Джаспер Тюдор вернулся в Вестминстер, прочесав всю страну в поисках предателей; он почернел от усталости и выглядел совершенно измученным. Ему все-таки было уже шестьдесят три, и он еще десять лет назад решил, что главная цель его жизни достигнута, возведя на престол своего любимого племянника после впечатляющей победы при Босуорте, в сиянии славы и мужества. Но теперь оказалось, что одной победы было мало, что даже павшие продолжают сражаться с Тюдорами, привлекая на свою сторону по десять, двадцать, а то и по сто тайных врагов нынешнего короля. Получалось, что Йорки так и не были побеждены, они просто временно отступили в тень. И Джасперу, который всю жизнь с ними сражался и почти двадцать пять лет был вынужден провести в ссылке, за пределами любимой родины, уже начинало казаться, что никакой великой победы при Босуорте и не было. Йорки вновь перешли в наступление, и Джаспер был вынужден, собрав все свое мужество, найти в себе силы для нового сражения. Но теперь, увы, он чувствовал себя уже стариком.
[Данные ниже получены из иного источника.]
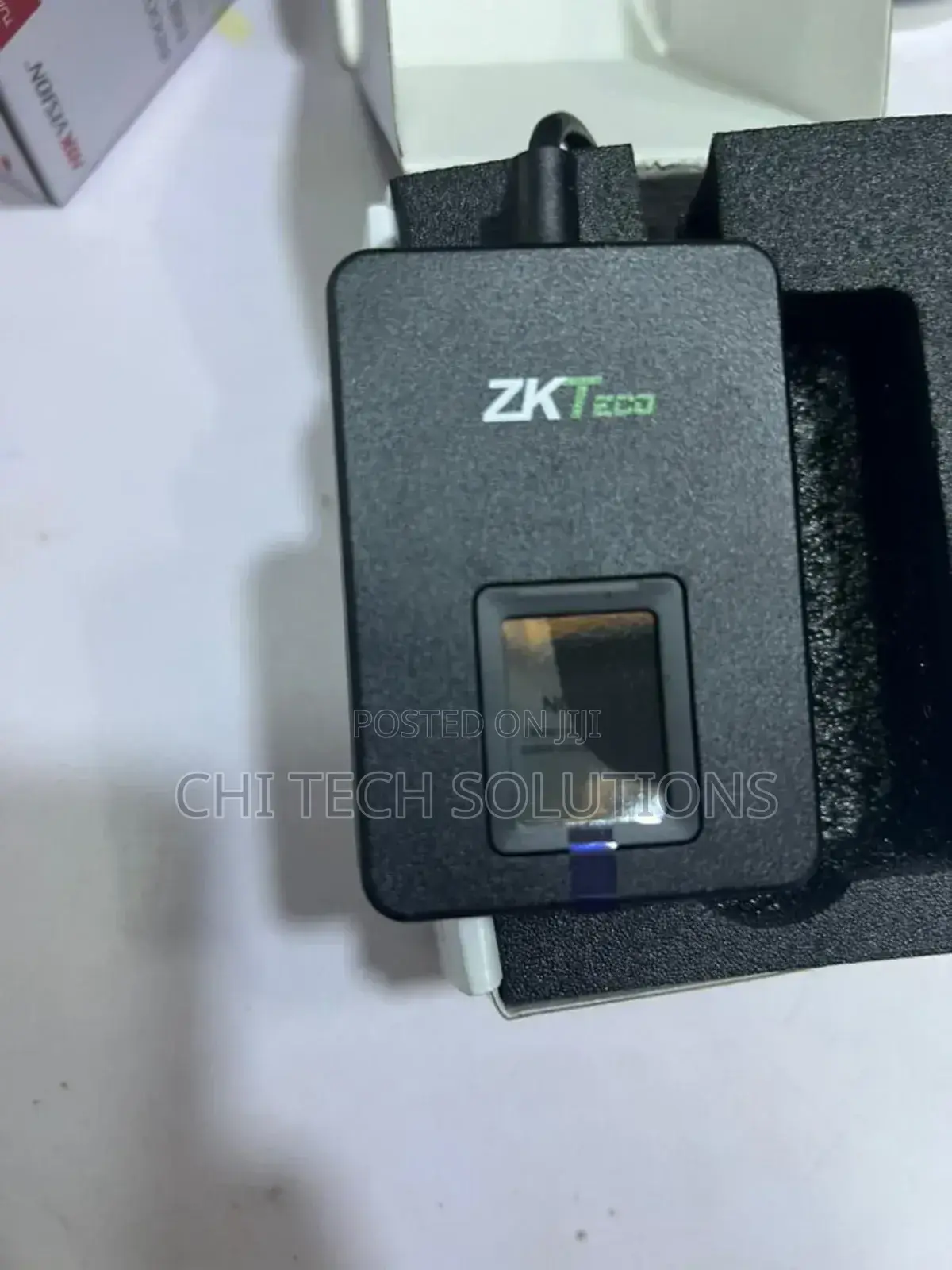 Zk9500 Fingerprint Reader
Жена Джаспера, моя тетя Кэтрин, провожала его в ответственную поездку по стране, покорно склонив голову, но лицо ее словно окаменело от горя. По меньшей мере половина тех людей, которых ее мужу предстояло арестовать и повесить, были верными слугами Дома Йорков и ее личными друзьями. А вот миледи, моя свекровь, которая, как я предполагала, влюбилась в Джаспера еще в те дни, когда осталась юной вдовой, а он оказался ее единственным другом и помощником, смотрела прямо на него горящими голодными глазами и, казалось, готова была упасть перед ним на колени и молить его снова спасти ее сына. Все трое Тюдоров — король, его мать и его дядя — словно окончательно ушли в себя, съежились, выставили наружу колючки и никому больше не доверяли.
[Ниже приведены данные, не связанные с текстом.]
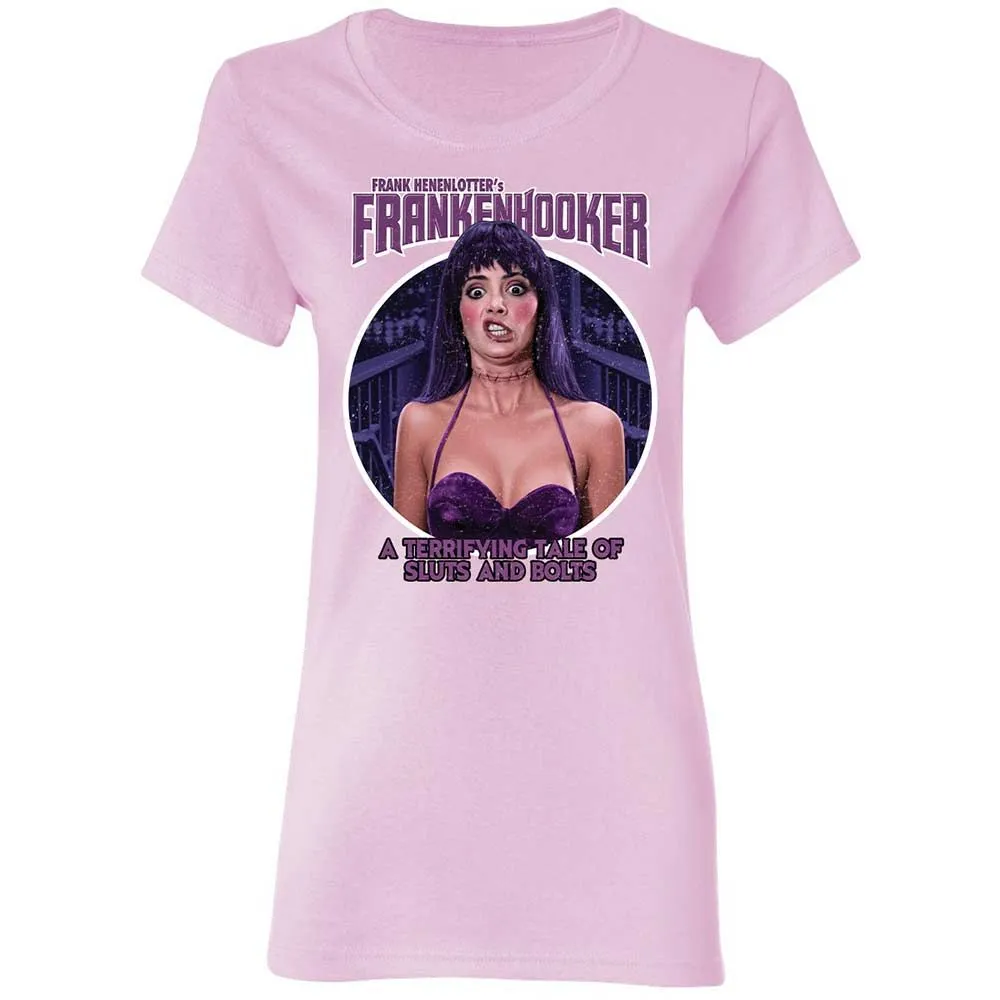 Frankenhooker - Light Pink - 8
Лорд Томас Стэнли — ему брак с леди Маргарет, пусть и заключенный без любви, в итоге принес величие, тогда как его пасынок, Генрих, в нужный момент получил от него немалую армию, — был исключен из этого узкого круга, ибо и на него упала тень предательства, совершенного его родным братом, ныне казненным. Но если Тюдоры не могли доверять ни деверю королевы-матери, ни ее мужу, ни прочей своей родне, которую они прежде осыпали почестями и деньгами, то кому же они могли оказать доверие?
Никому. Они никому больше не доверяли и опасались каждого.
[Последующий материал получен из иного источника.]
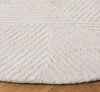 Safavieh Ebony EBN217A Ivory / Beige Area Rug Detail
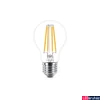 Kép 2/2 - PHILIPS E27 normál izzó A60 LED fényforrás, 4000K természetes fehér, 10,5 W, 1521  lm, CRI 80, 8718699762070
Ко мне Генрих по вечерам больше не заглядывал. Страх, вызванный активностью «этого мальчишки», был так велик, что королю и в голову не приходило сделать себе еще одного наследника. Впрочем, у него уже имелись столь необходимые всякому королю сыновья: Артур и его младший братишка Генрих. На меня мой супруг смотрел с таким отвращением, словно не мог даже представить себе, что я могла бы родить ему еще одного ребенка; ведь этот ребенок, естественно, оказался бы наполовину Йорком, а значит, наполовину предателем. Теплые, доверительные, почти любовные отношения, которые только-только начали прорастать меж нами, теперь словно вымерзли под ледяным дыханием его страхов и недоверия. Свекровь посматривала на меня косо, муж, ведя меня под руку к обеду, едва касался моих пальцев, но я всегда шла с высоко поднятой головой, точно предатель сэр Уильям, и отказывалась признавать себя «смиренной и раскаявшейся».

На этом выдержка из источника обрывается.